Dördüncü kitap “Sivrihisar’ın Gülleri Hakıklar (Aşık’lar)” adlı kitap. “Hakıklar” yörede yaşayan üç özel kardeşin öyküsü. Kitapta Mehmet Ayaş, Kemal Kara ve Hasan Hüseyin Varişli ile ilgili ilginç hatıralar aktarılıyor. Kardeşlerin her biri ayrı babadan ve anneleriyle yaşıyor. Anneleri ölünce de Sivrihisar halkı sahip çıkıyor.

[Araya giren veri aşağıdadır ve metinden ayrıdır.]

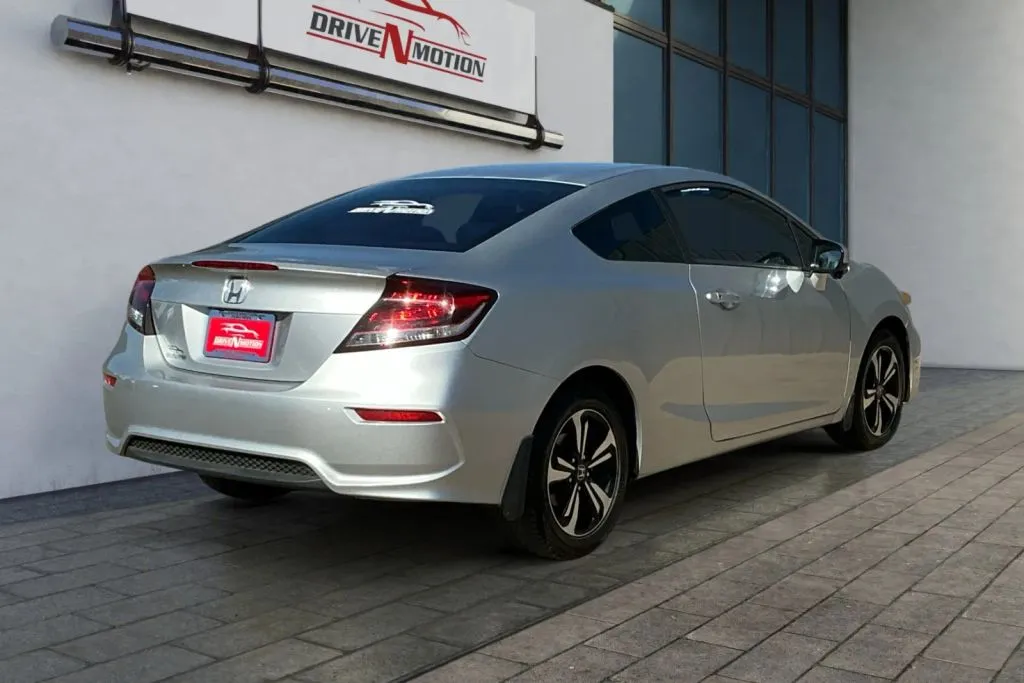 More photos of 2015 Honda Civic EX Coupe 2D at Drive N-Motion Greeley, CO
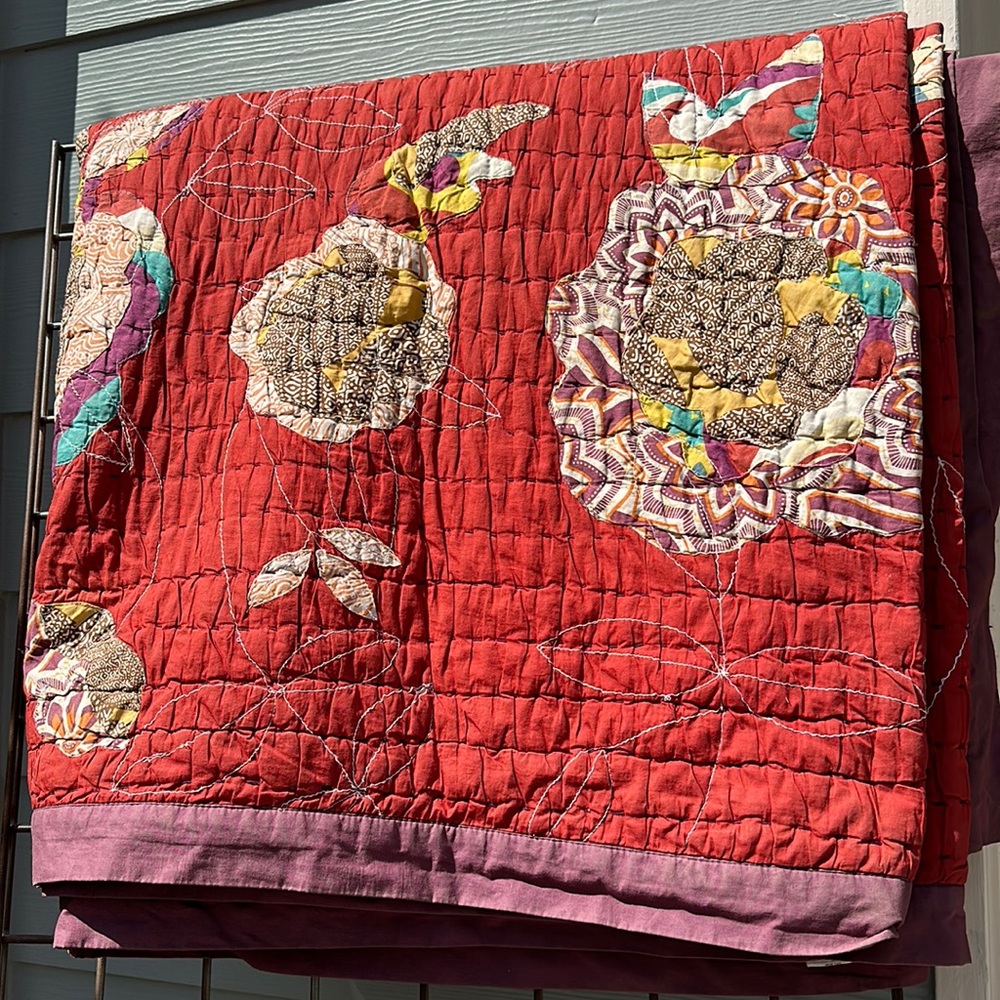 Queen Quilt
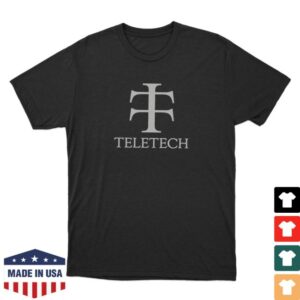 Teletech Merch Store Teletech Logo Unisex T Shirt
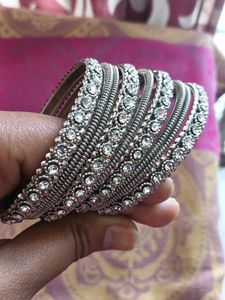 Set of Elegant Bangles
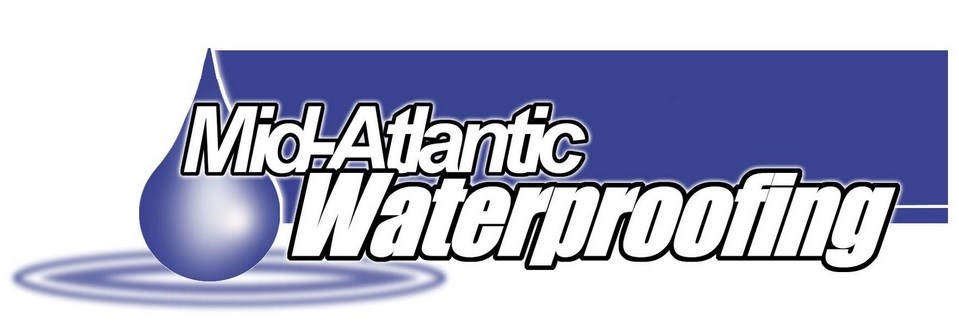 Logo for Mid-Atlantic Waterproofing of VA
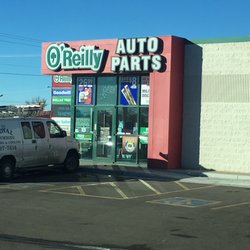 O'Reilly's Auto Parts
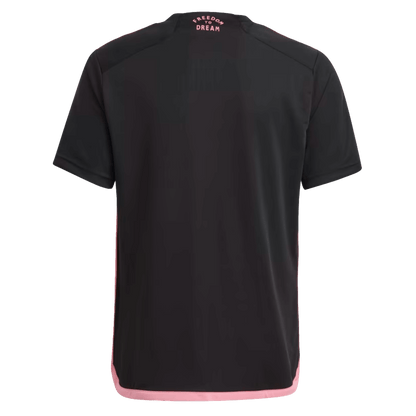Adidas Inter Miami 23/24 Youth Away Jersey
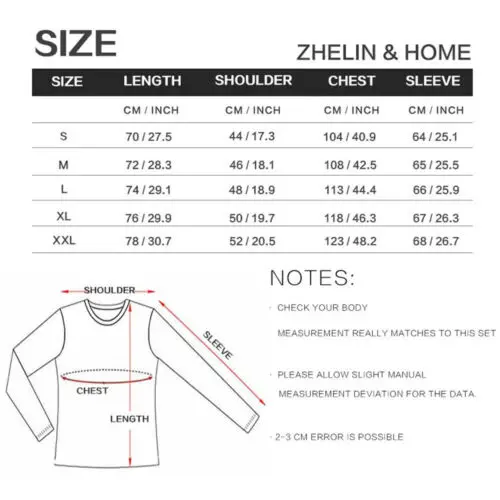 

Mens Autumn Three-color Stitching Fashion Design Long-sleeved Shirt Slim Striped Tee Top Leisure Pullover Shirts Jumper S -2XL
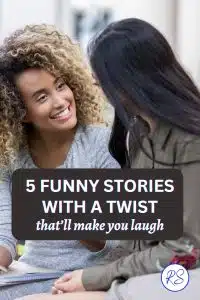 FUNNY STORIES WITH A TWIST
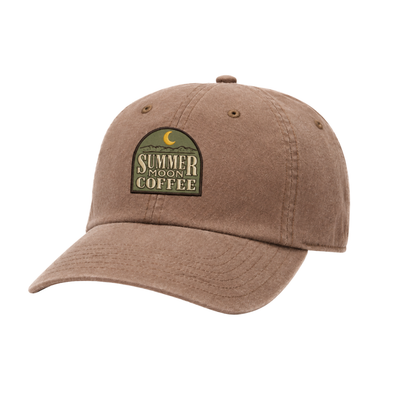 Moon & Hill Patch Hat
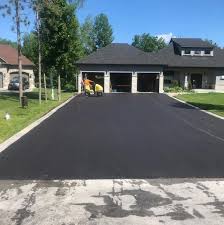 Custom Driveway Design in Sunbury, PA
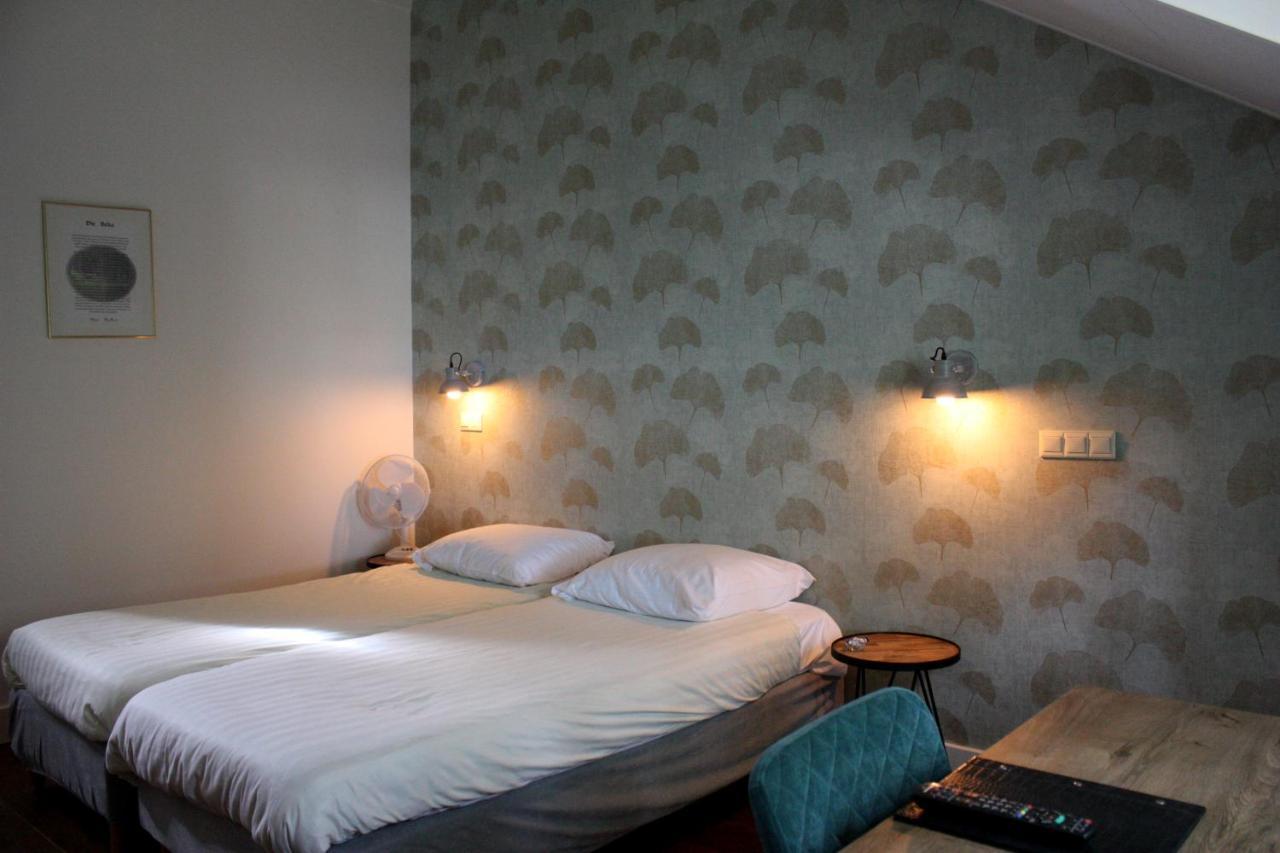 Hotel De Hoefpoort Gemert 外观 照片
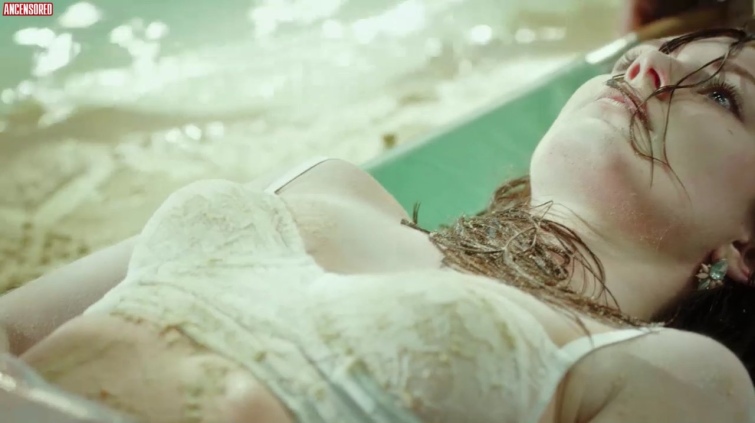 Amanda Thomson - sinnliche und ästhetische Aktfotografie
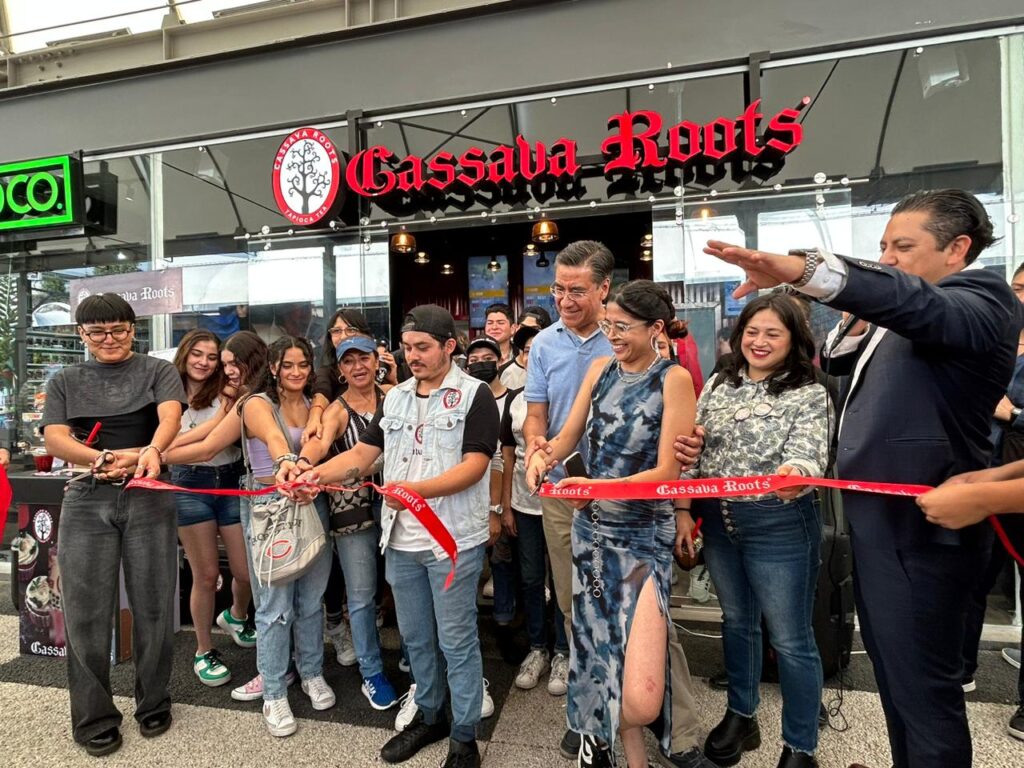 Cassava Roots llega a Cielo Abierto; conoce su nueva sucursal
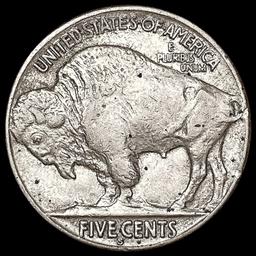 1920-S Buffalo Nickel UNCIRCULATED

Bu üç özel kardeş, anneleri öldüğünde annemiz üşümesin diye mezarına yorgan örtecek kadar duygusal; Sivrihisar’daki çevre yolunda trafik polisliği yapacak kadar da cesur(!) Hakıklar’ın yaşadıkları olayları okuyunca Sivrihisar’ın toprağına, insanına Nasrettin Hoca’nın ruhunun nüfus ettiğine bir kez daha tanık oluyorsunuz. Her kentin böyle özel kişileri vardır. Eskişehir’in de bir zamanlar Abidin Tıs Tıs’ı Deli İsmail’i vardı. Onların da yaşamları kaleme alınsa ya da filmi olsa büyük hikâyeler çıkar.
Necmi Günay, Sivrihisar’ca kitabında Sivrihisar manilerini de almış. Maniler de sözlü tarihimizin unutulan değerlerinden. Genellikle kadınların düğünlerde söylediği bu dörtlükler gün geçtikçe unutuluyor. Dedik ya nesiller arasındaki farkın 5 yaşa indiği günümüzde çocuğumuzun ya da torunumuzun konuştuğu dili kavramak güçleşiyor. Dil, her gün kendini yenilerken, eskiye ait değerlerin kayıt altına alınması sadece kendi yaşamımızda çocukluğa duyulan bir özlem, yöremize karşı bir vefa değil; tarihsel bir sorumluluk aynı zamanda.
Necmi Günay, yazdığı kitaplarla Sivrihisar kültürüne katkı sağlayarak vefasını ödüyor. Şimdi görev sırası, bugünlere tanıklık eden ve "eli galem dutan" diğer kişilerde.